Exercise inputs section start

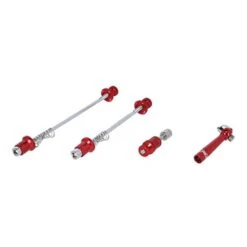 Set Di Chiusure Rapide XLC QR-L08 Rosso
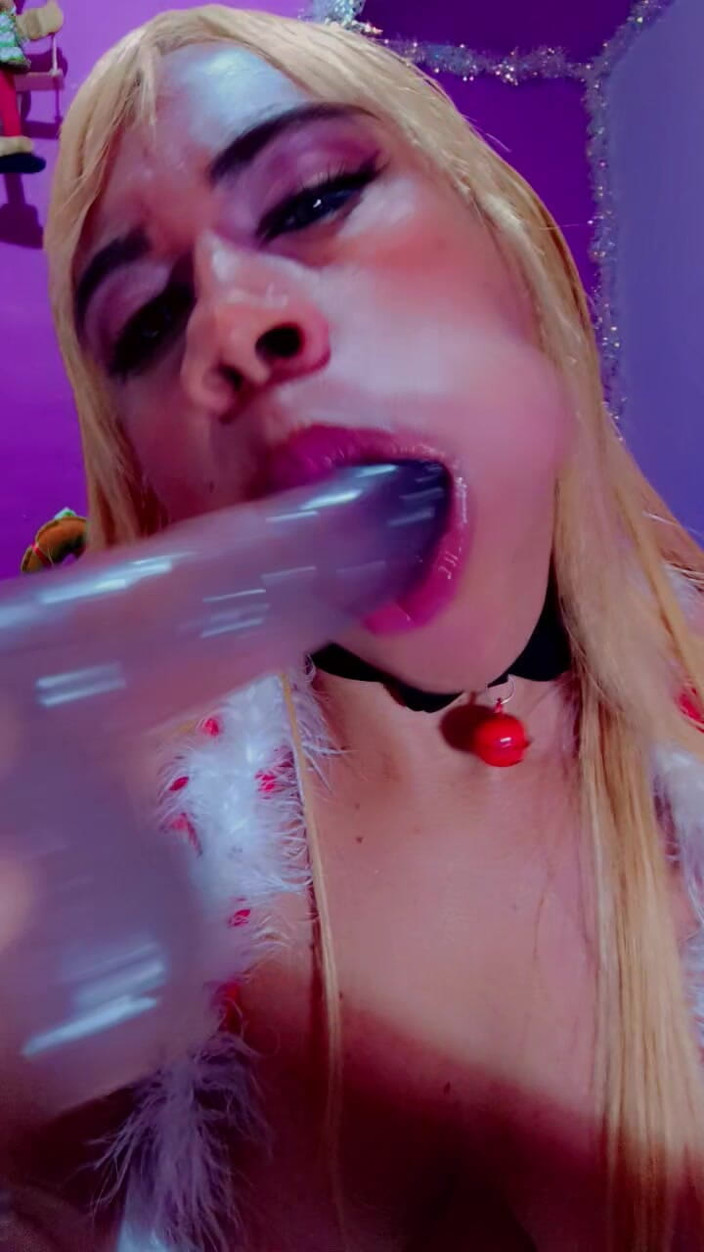 Barbychocolat: 圣诞老人女婴喜欢跳舞性感的 para ti mi triplepapasote bello ufff feliz Navidad mi...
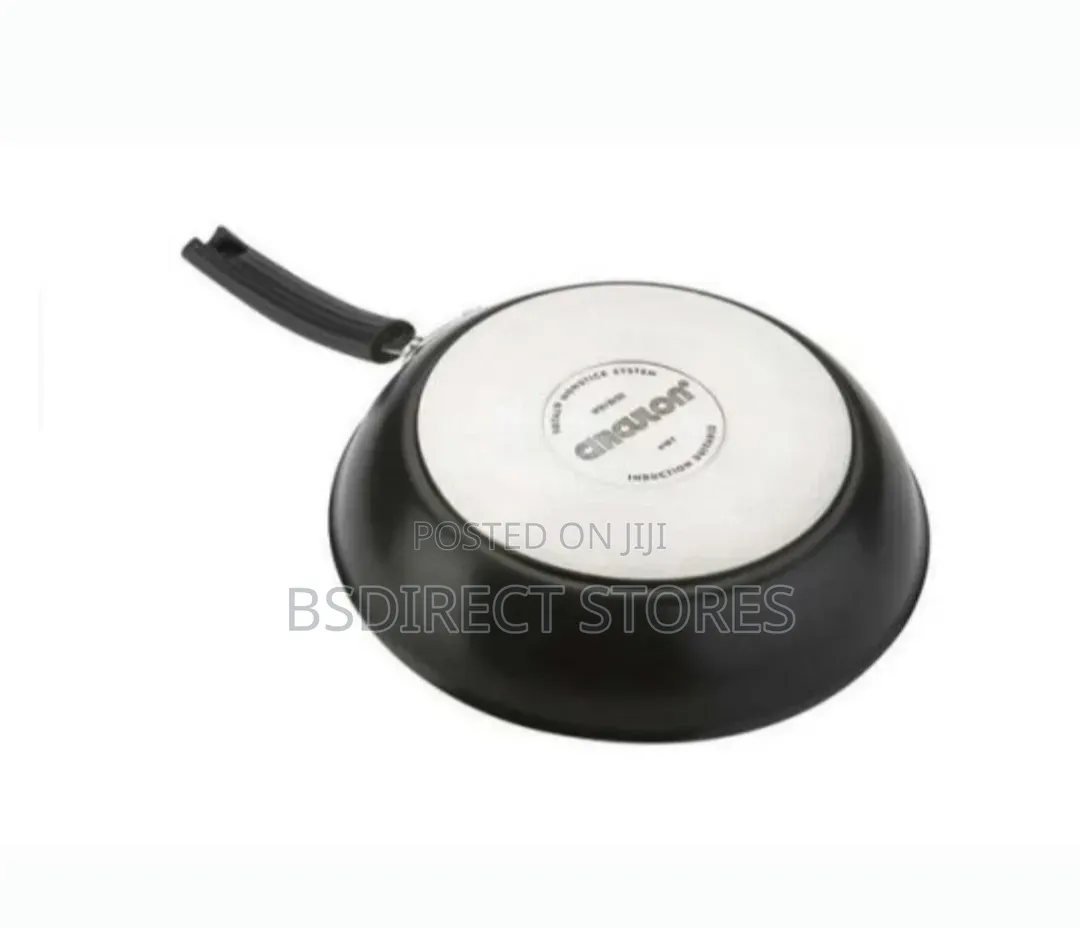 Circulon Total Hard Anodised Stirfry 26cm Non Stick All Hob Induction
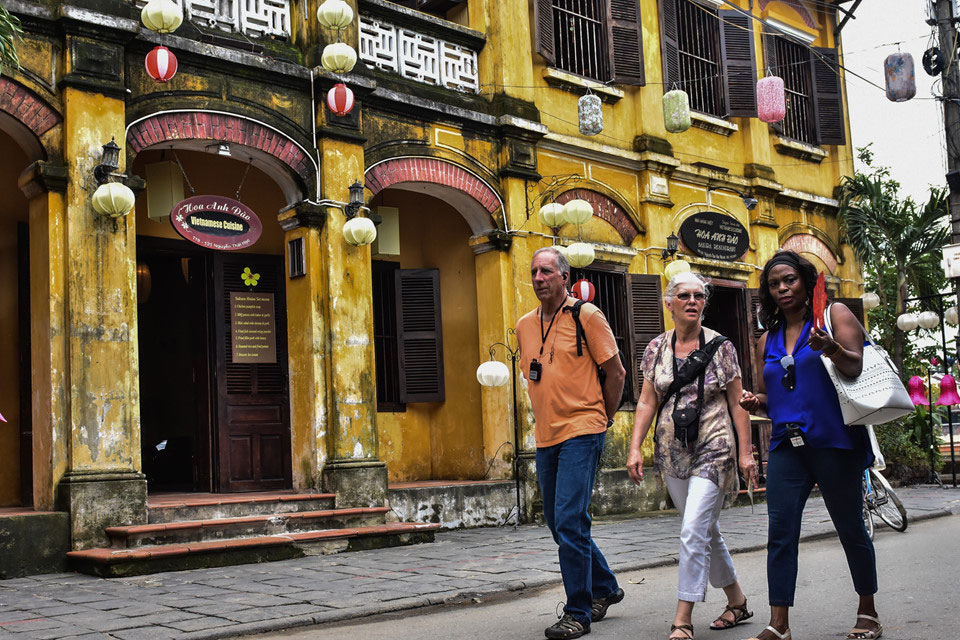 Nhà hàng hai Thủ tướng Việt - Nhật ăn tối ở phố cổ Hội An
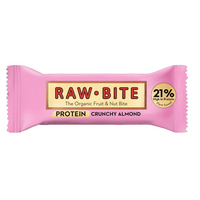 Rawbite Raw Crunchy almond Ø - 50 g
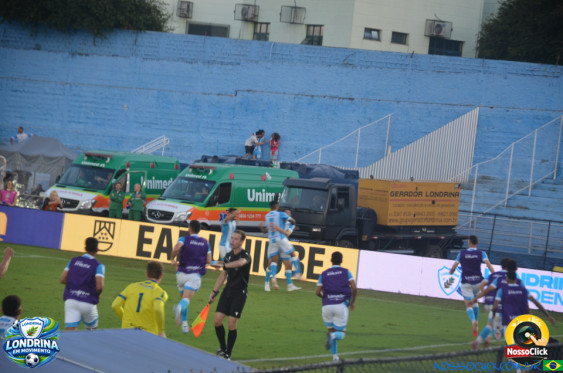 Brasileiro B em Londrina - Londrina 5 x 0 CRB - Foto 251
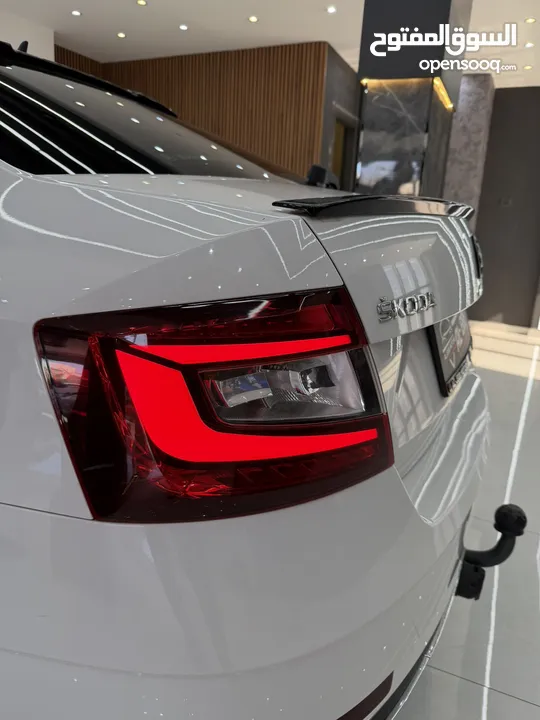 سكودا اوكتافيا فل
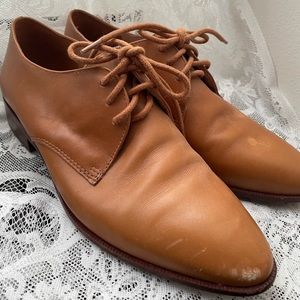 Madewell Oxford Lace Up Shoes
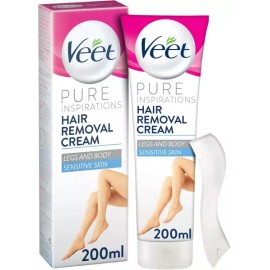 알로에 베라와 비타민 E가 함유된 비트 제모 크림 민감성 피부 (200ml) Beet Hair Removal Cream with Aloe Vera and Vitamin E for Sensitive Skin (200ml)
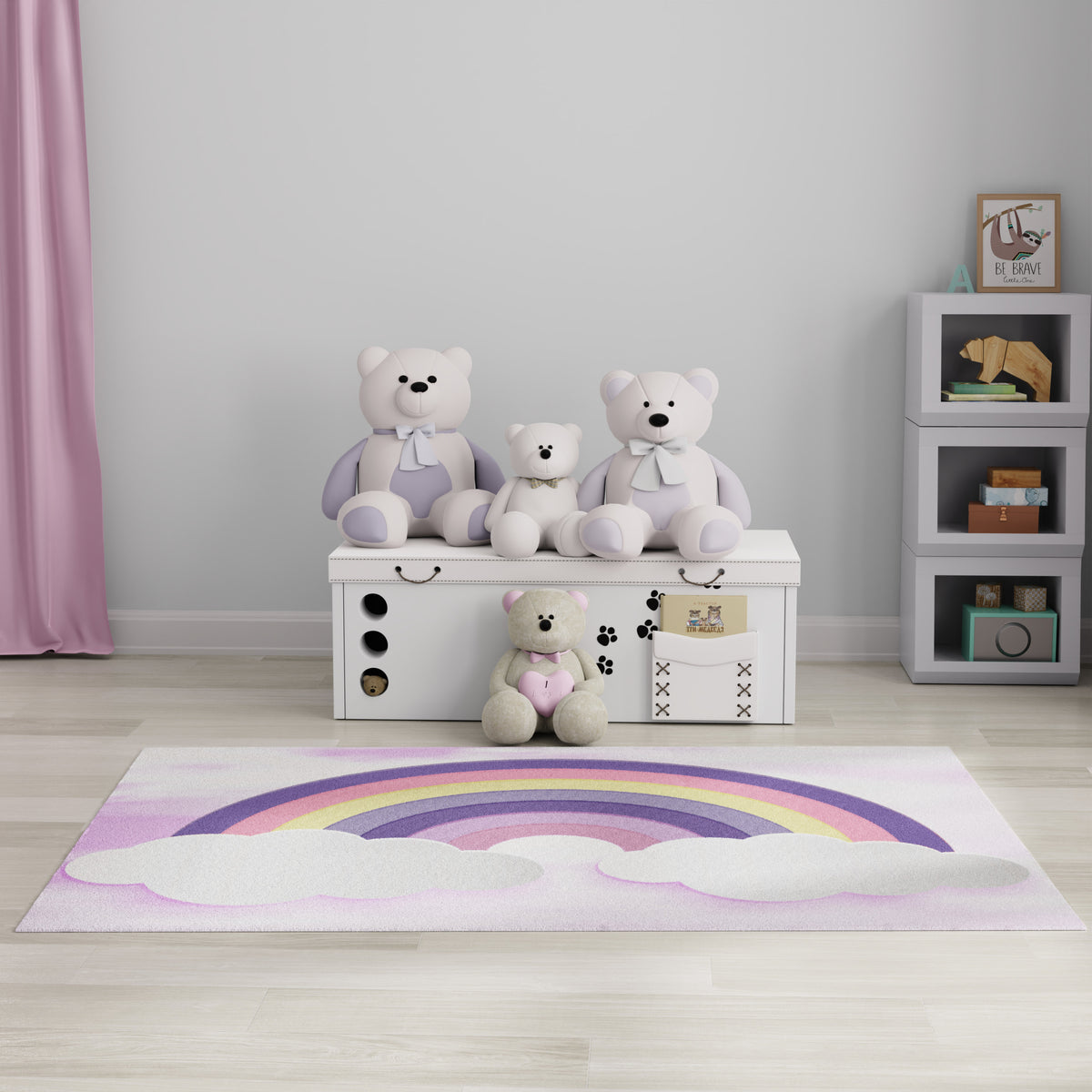 Imagination IMA26 Multicolor Rug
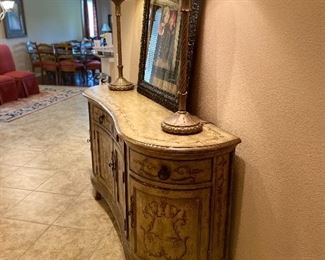 Hall console / credenza
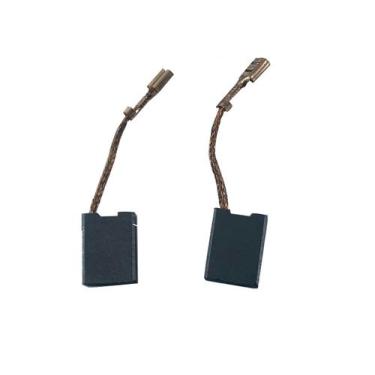 Imagem de jogo escova carvão 127V p/ serra esquadria SM18 Stanley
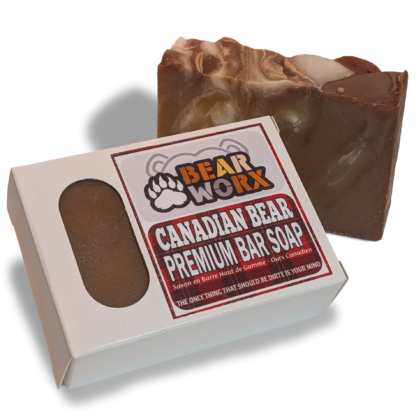 Canadian Bear Premium Bar Soap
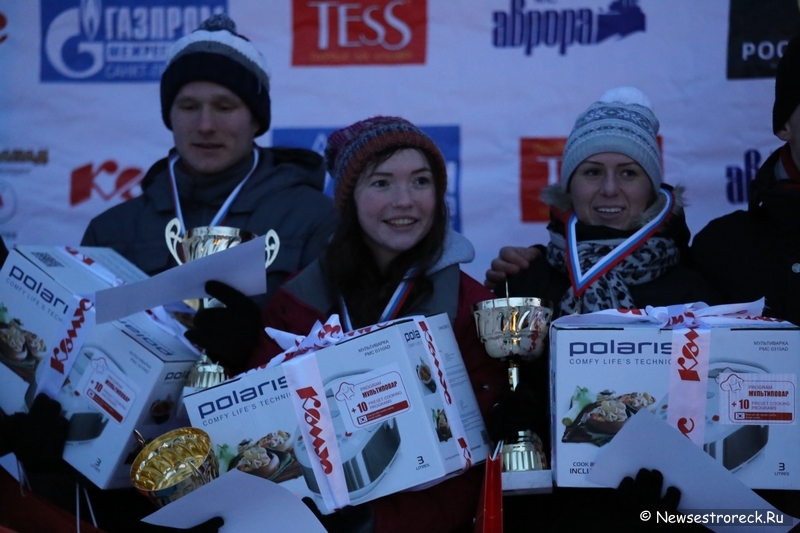 В Сестрорецке состоялся турнир по волейболу на снегу «Snow Volley Christmas-2015»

Exercise inputs section end

▸ **Goal of the exercise**: Word for word, give again the lines from the line holding "Circulon Total Hard" through the last line of the material, both included; pictures are not part of the copy.

▸ **Output below**:
 Circulon Total Hard Anodised Stirfry 26cm Non Stick All Hob Induction
 Nhà hàng hai Thủ tướng Việt - Nhật ăn tối ở phố cổ Hội An
 Rawbite Raw Crunchy almond Ø - 50 g
 Brasileiro B em Londrina - Londrina 5 x 0 CRB - Foto 251
 سكودا اوكتافيا فل
 Madewell Oxford Lace Up Shoes
 알로에 베라와 비타민 E가 함유된 비트 제모 크림 민감성 피부 (200ml) Beet Hair Removal Cream with Aloe Vera and Vitamin E for Sensitive Skin (200ml)
 Imagination IMA26 Multicolor Rug
 Hall console / credenza
 Imagem de jogo escova carvão 127V p/ serra esquadria SM18 Stanley
 Canadian Bear Premium Bar Soap
 В Сестрорецке состоялся турнир по волейболу на снегу «Snow Volley Christmas-2015»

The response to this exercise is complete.